Und trotzdem ist Arsenal noch nicht geschlagen

So klar das Momentum derzeit bei City liegt, so eindeutig ist die Sache noch nicht. Arsenal hat auf dem Papier das leichtere Restprogramm. Die verbleibenden Gegner kommen allesamt aus der unteren Tabellenhälfte. City dagegen muss noch kompliziertere Aufgaben lösen.

Dazu kommt: Selbst wenn City sein Nachholspiel gewinnt und punktgleich zieht, ist das Titelrennen nicht automatisch entschieden. Sollte Arsenal alle restlichen Spiele gewinnen und das bessere Torverhältnis behaupten, könnten die Gunners City noch immer überholen.

Einige Beobachter halten deshalb weiter zu Arsenal. Wayne Rooney etwa glaubt, dass City noch Punkte liegen lässt und Arsenal den Titel knapp holen kann. Andere, wie Danny Murphy oder Gary Neville, sehen den Vorteil nun klar beim Meister.

Beide Lager haben gute Argumente. Arsenal hat die günstigeren Gegner. City hat das bessere Momentum.

Der eigentliche Vorteil: City kennt diese Geschichte

Was Manchester City gefährlich macht, ist nicht nur seine Qualität, sondern seine Aura in genau solchen Situationen. Wenn Guardiola-Teams im Frühjahr Fahrt aufnehmen, entsteht oft der Eindruck, dass sie nicht mehr zu stoppen sind. Gary Neville sprach von einem „schwierigen Zug“, den Arsenal nun aufhalten müsse.
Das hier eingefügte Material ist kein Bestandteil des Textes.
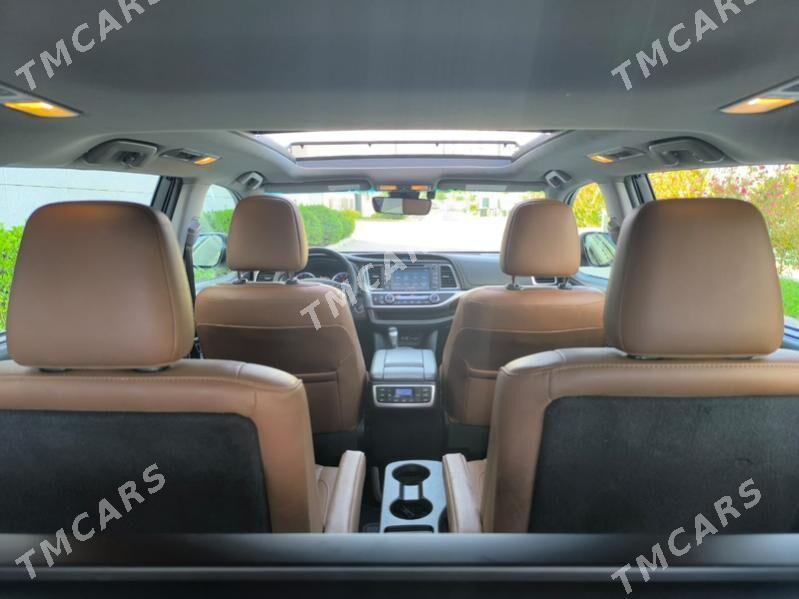 Toyota Highlander 2019 - 580 000 TMT - Aşgabat - img 2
Dieser Vergleich passt. City wirkt wieder wie eine Maschine, die nach Monaten der Kalibrierung exakt zum richtigen Zeitpunkt ihre höchste Stufe erreicht.

Arsenal dagegen steht vor einer psychologischen Prüfung. Die Mannschaft muss jetzt zeigen, dass sie mehr ist als der ewige Frühjahrs-Zweifler, mehr als ein Projekt, das bewundert wird, aber am Ende doch wieder knapp scheitert.

Fazit

Ist Manchester City nach dem Sieg gegen Arsenal jetzt Titel фаворit?
Nach Punkten: noch nicht ganz.
Nach Form, Erfahrung und Wirkung: sehr wahrscheinlich ja.

Arsenal hat weiterhin alle Chancen, die Meisterschaft aus eigener Kraft zu gewinnen. Aber der Sonntag in Manchester fühlte sich an wie jener klassische Premier-League-Moment, in dem eine Saison kippt: nicht endgültig, aber spürbar.

City hat Arsenal nicht überholt.
Doch City hat etwas anderes gewonnen – das Gefühl, dass der Titel wieder ihnen gehört, wenn sie ihn nur entschlossen genug an sich ziehen.